### What this task involves:
Instruction for the entries below: return the part that opens with the line containing "Like what you" and closes with the line containing "All right everyone, in", exactly, and no pictures.

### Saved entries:
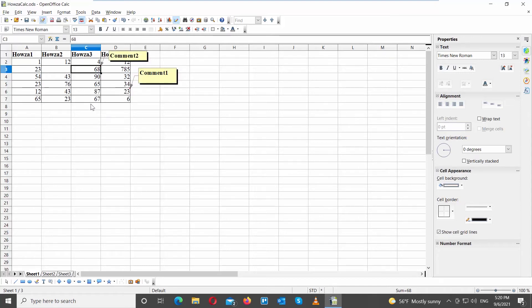You can add a comment using keyboard combo. Select the cell that you need. Press Ctrl plus Alt plus C.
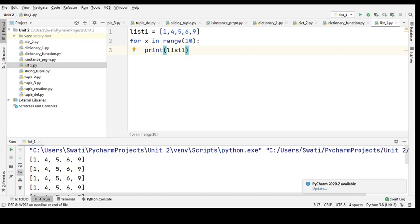Now let us check a few of the operations which we can perform on your list. We will see how to access items of a list, what is negative indexing in a list, how to give a range of indexes, and a few more concepts on the list. We shall begin with accessing items.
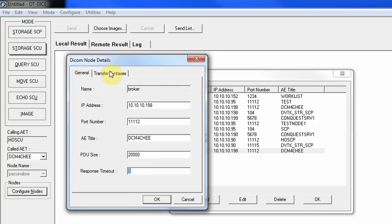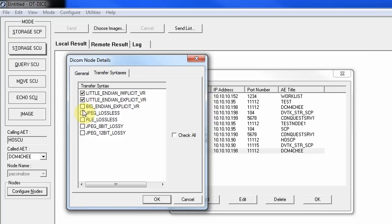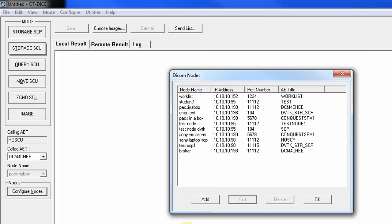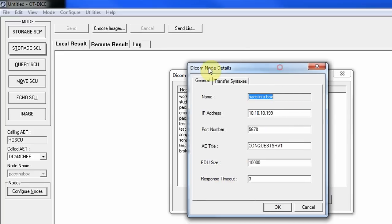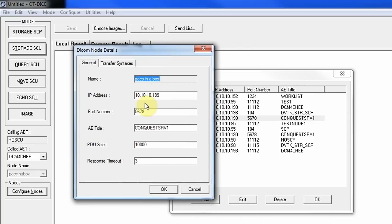Then we specify three transfer syntaxes proposed by this device to the destination. We repeat this process for each destination. For the PAC system, I have a Conquest server at IP 101.99. Note that the port number 5678 shown should actually be 11112 — the Conquest server defaults to 5678, but I'd strongly recommend changing it to 11112 as well.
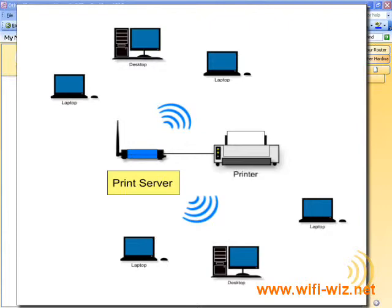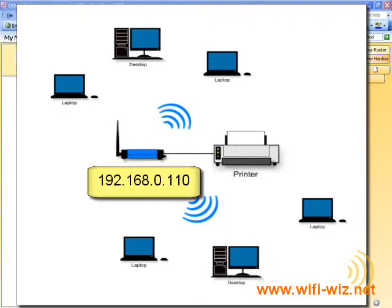So the way a print server works, instead of printing to a port that's connected to your computer, we actually set up an IP address, or in the case of some print servers, a virtual USB port.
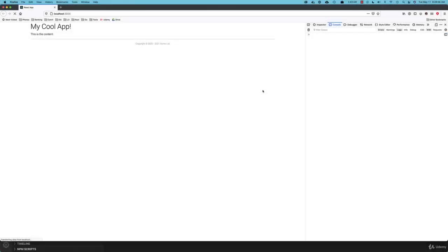This time around we want to explore React events. I've changed the application title back to 'My Cool App' — we'll make it something more useful before too long, we're just exploring core React functionality right now. What I want to do is add a button and have it do something when clicked. Initially, all it's going to do is write something to the console.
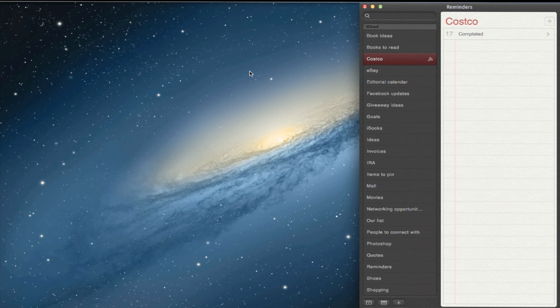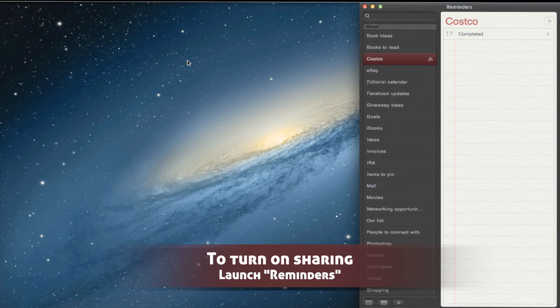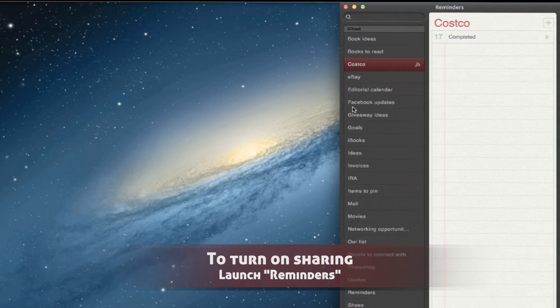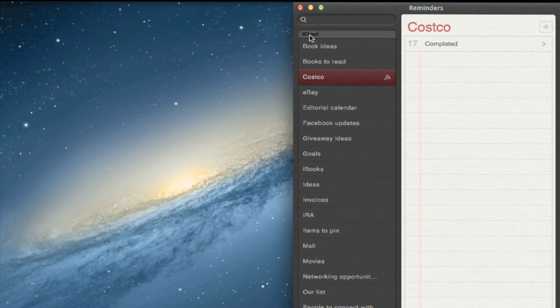Once you've done this and you've logged into your Apple account, you want to turn on sharing on Mac OS X. To do this, you want to launch the reminders app. As you can see here, I've got the iCloud reminders that I have set up.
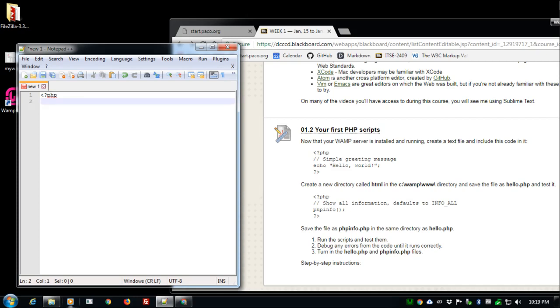The next line simply is a message to people reading the code. This is a simple greeting message. Slash slash, since this is just a remark, just a comment, simple greeting message.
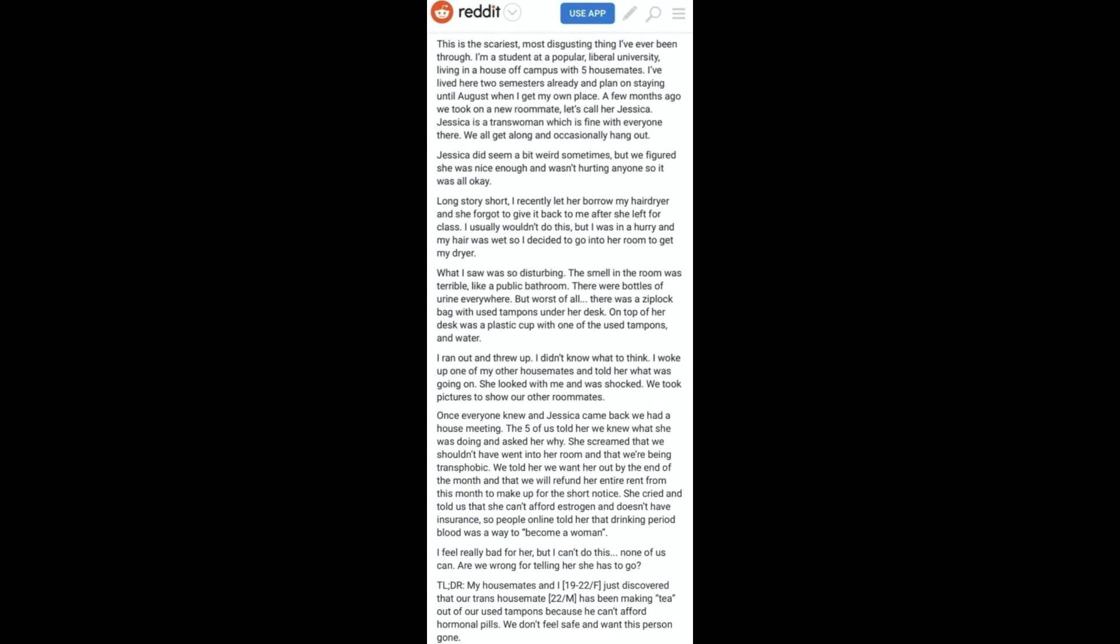My housemates and I, 19 to 22 female, just discovered that our trans housemate, 22 male, has been making tea out of our used tampons because he can't afford hormonal pills. We don't feel safe and want this person gone.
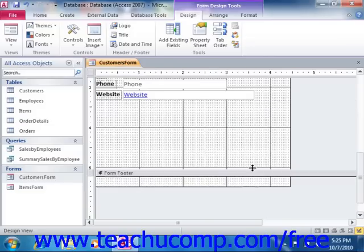Now when you create subforms, you start by creating two separate forms, one for each table.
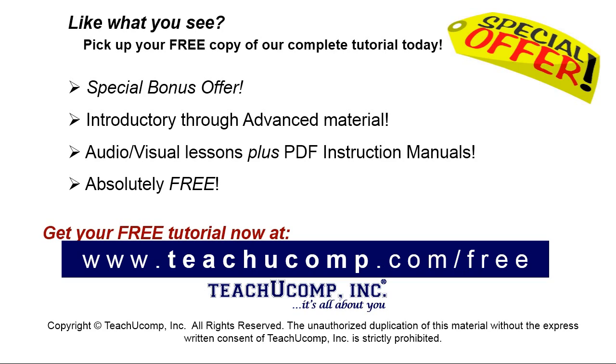Like what you see? Pick up your free copy of the complete tutorial at www.teachucomp.com/free.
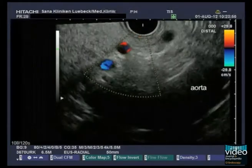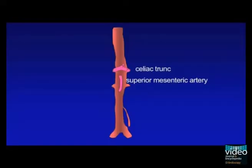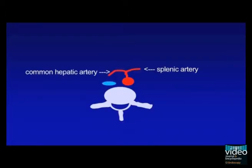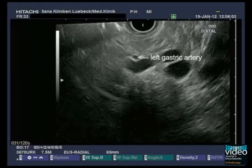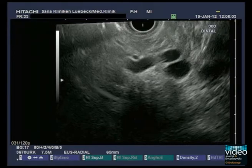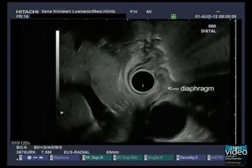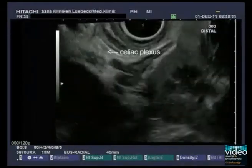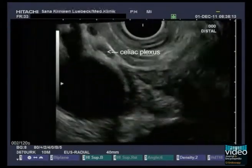Following the descending aorta, you will find step by step the main arterial vessels. First, the celiac trunk with the common hepatic artery and splenic artery is visible. These vessels imitate the image of a flying bird. The left gastric artery is only demonstrable if the instrument is carefully withdrawn until a cross-section of this small artery appears. Proximal to the celiac trunk, in front of the aorta, the echo-poor diaphragm is located. Close to it, the pearl-like celiac plexus can be seen and should not be mistaken for lymph nodes.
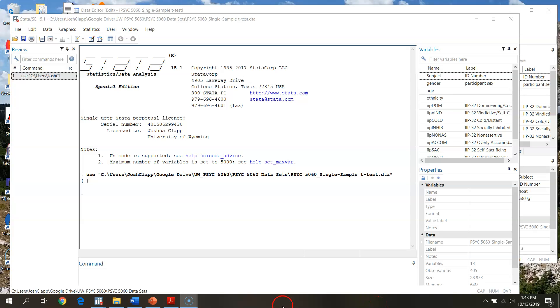All right everyone, in this video we're going to walk you through an in-class example of our single sample t-test, except this time we're going to use STATA instead of SPSS.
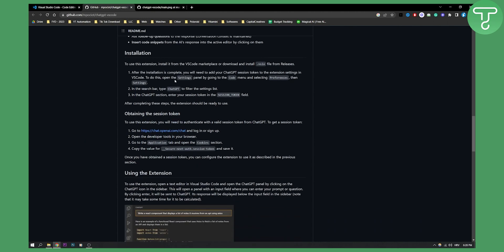To use this extension you need to install it from the VS Code Marketplace or download and install the .vsix file from releases. After installation is complete, you will need to add your ChatGPT session token to the extension settings in VS Code.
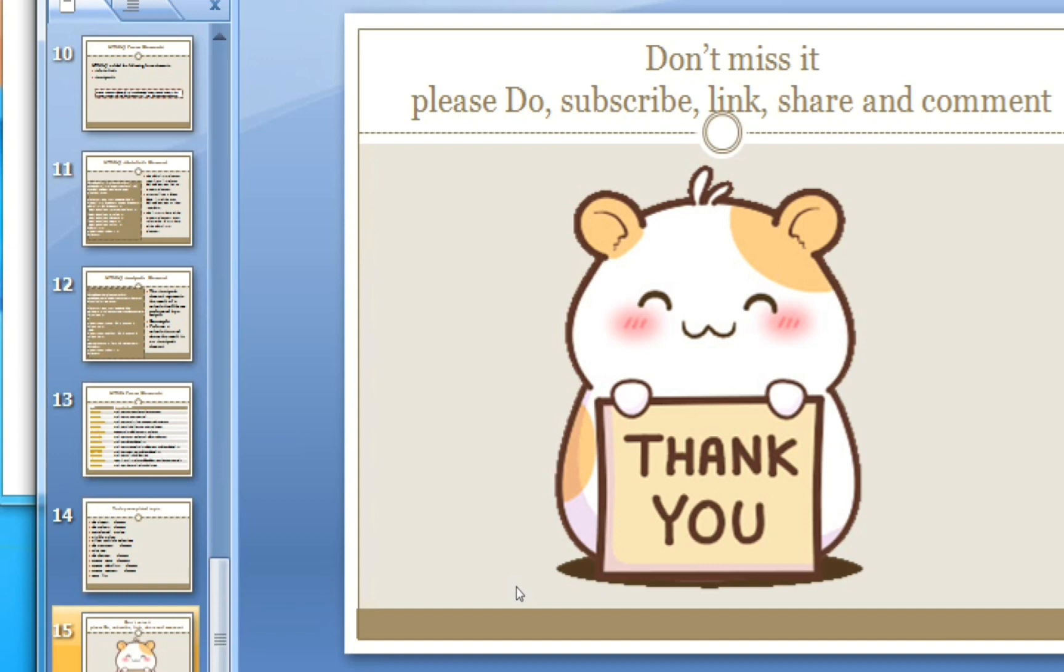Please do subscribe, like, share and comment. And if you forgot to subscribe, please do subscribe. And thank you so much.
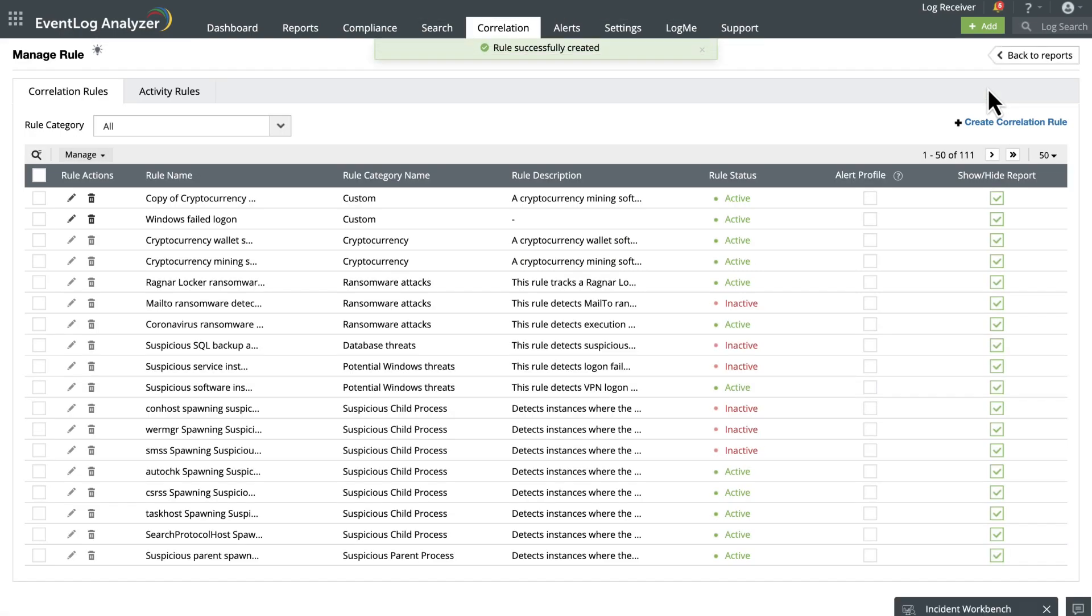If you would like to go beyond the predefined rules, you can do so by creating your own custom correlation rules.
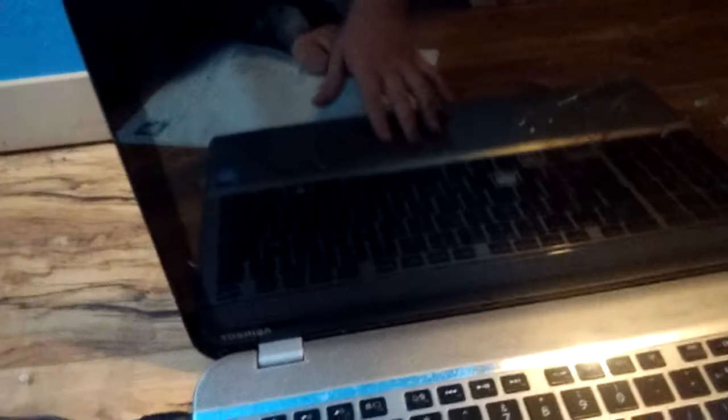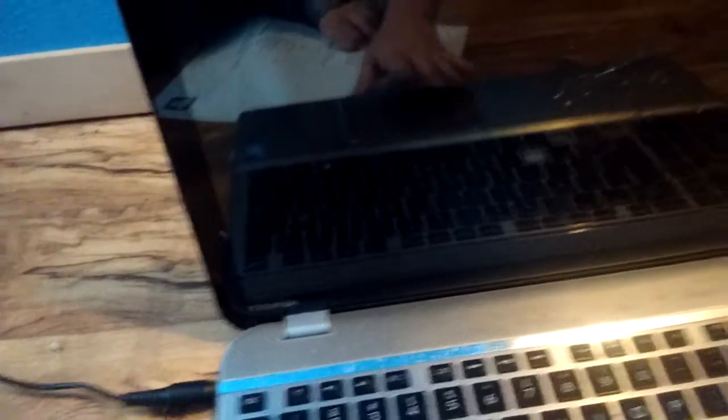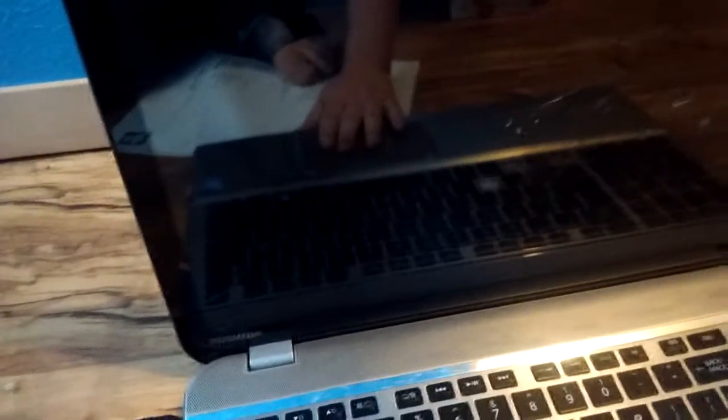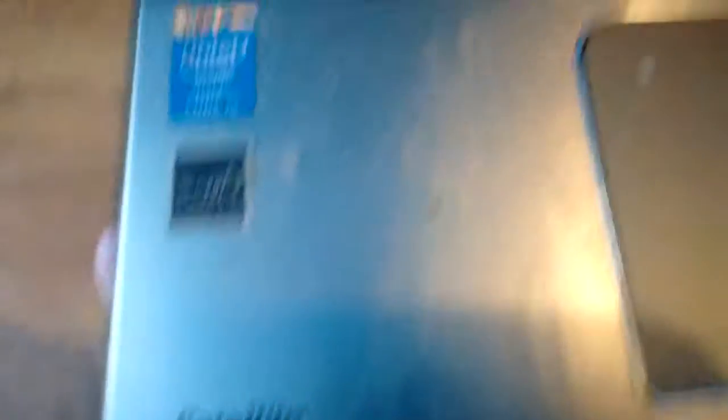This computer is really old and it's really special. It has very important stuff on it. My Nana gave me this computer.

### Exercise result:
Like what you see? Pick up your free copy of the complete tutorial at www.teachucomp.com/free.
Following the descending aorta, you will find step by step the main arterial vessels. First, the celiac trunk with the common hepatic artery and splenic artery is visible. These vessels imitate the image of a flying bird. The left gastric artery is only demonstrable if the instrument is carefully withdrawn until a cross-section of this small artery appears. Proximal to the celiac trunk, in front of the aorta, the echo-poor diaphragm is located. Close to it, the pearl-like celiac plexus can be seen and should not be mistaken for lymph nodes.
All right everyone, in this video we're going to walk you through an in-class example of our single sample t-test, except this time we're going to use STATA instead of SPSS.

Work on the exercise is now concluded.